Maryville College receives $645,000 grant for STEM education

The allocation expands the capacity of Scots Science Scholars and builds on the supportive and rigorous STEM education already provided at Maryville College.

Ten years ago, Maryville College (MC) professors Dr. Angelia Gibson and Dr. Maria Siopsis, pictured above, applied for and received a $380,000 grant that helped them launch the Scots Science Scholars (S3) program on the Maryville College campus.

A decade later, the two MC faculty members — Gibson a Professor of Chemistry, Siopsis a Professor of Mathematics — have received another grant, this one in the amount of $645,000 in federally allocated funding administered through the Funding to Improve Post-Secondary Education Community Fund (FIPSE), a program of the U.S. Department of Education.

The allocation expands the capacity of Scots Science Scholars and builds on the supportive and rigorous STEM education already provided at Maryville College by “increasing access to hands-on experiences and industry exposure, with a focus on addressing emerging technologies and scientific innovation in natural sciences, computational science, and engineering,” according to Gibson.

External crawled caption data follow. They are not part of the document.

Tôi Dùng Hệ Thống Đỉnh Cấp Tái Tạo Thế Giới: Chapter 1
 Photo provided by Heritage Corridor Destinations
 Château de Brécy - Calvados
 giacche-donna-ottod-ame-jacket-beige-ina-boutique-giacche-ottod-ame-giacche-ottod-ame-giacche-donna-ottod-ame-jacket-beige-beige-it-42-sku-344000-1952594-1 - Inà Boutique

“Every time we are awarded a federal grant, we take that as a vote of confidence that the programming we are offering STEM students at Maryville College is not only valuable to the students but to our local, regional, and national communities as well,” Siopsis added. “Our students get the training they need to secure fulfilling and lucrative job opportunities while employers have access to a pool of highly skilled college graduates ready to join the workforce.”

Over the course of their STEM collaboration, the two faculty members have secured more than $2 million in federal funding to support STEM programs at Maryville College, which this summer has dispersed undergraduates across the country to take part in internships, research opportunities, and work-study programs.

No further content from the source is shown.